На одну из суббот, в хорошее для просмотра время была запланирована очередная прямая передача «Всесоюзная читательская конференция с журналом “Дружба народов”». В газетах были объявлены и время ее выхода в эфир, и имена участников во главе с главным редактором журнала Сергеем Баруздиным и известным писателем Анатолием Рыбаковым, автором нашумевшего тогда романа «Дети Арбата». Кто-то из ЦК КПСС «насторожил» нашего председателя А.Н. Аксенова по поводу участников передачи, и тот позвонил мне: «Товарищ Егоров! Вы приняли завтрашнюю передачу с писателями, все ли там в порядке? Если нет, то я сейчас же снимаю ее с эфира».

Что было делать? Доказывать неопытному начальнику, случайно севшему за руль управления телевидением, что прямую передачу нельзя заранее «принимать», так как принимать нечего нет ни сценария, ни записи. Поэтому я сказал, что принял ее фрагментарно, все должно быть в порядке. От снятия с эфира передачу я спас, но после ее выхода у меня начались неприятности, приведшие к переводу на другую работу, подальше от прямого эфира.

Во время этой передачи кто-то из украинских писателей (он цитировал героиню популярной комедии) сказал: «У нас на Украине говорят: лучше быть изнасилованным, чем украинизированным». Эта фраза произвела сильное впечатление на смотревшего передачу в Киеве члена Политбюро ЦК КПСС В.В. Щербицкого, который на следующий же день позвонил «на своем уровне» в Москву и потребовал «навести порядок на московском телевидении».

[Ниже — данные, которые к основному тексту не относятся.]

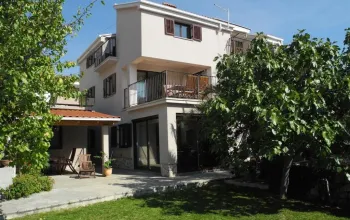 Apartmánový dům Damir Apartmánový dům Damir – dárek a zážitek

Работники отдела пропаганды ЦК потребовали от меня провести в редакции партийное собрание с повесткой дня «Об ошибке главного редактора Егорова». Я согласился при условии, что доклад на нем сделает кто-нибудь из работников ЦК. Такового энтузиаста почему-то не нашлось, собрание не состоялось. Однако мне дали почувствовать, что отдел пропаганды ЦК зря дал согласие на мой перевод в литдрамредакцию. Я стал ждать нового поворота судьбы.

Ждать пришлось недолго...

Через несколько месяцев был снят с поста председателя Гостелерадио Аксенов, а прямых передач становилось все больше и больше. Перемены в обществе неизбежно вели и к заметным изменениям на телевидении.

Литературно-драматическая редакция накануне развала Центрального телевидения была полна сил и творческих планов. Зрителю предлагались десятки рубрик, сотни передач: спектакли, театральные и музыкальные, «Литературный альманах» и «Поэтическая антология», «Круг чтения» и «Диалоги о литературе», «Рассказы о художниках» и обозрения «По музеям и выставочным залам», «Вокруг смеха», «Встречи с писателями в концертной студии» и др. Но не всем планам было суждено сбыться.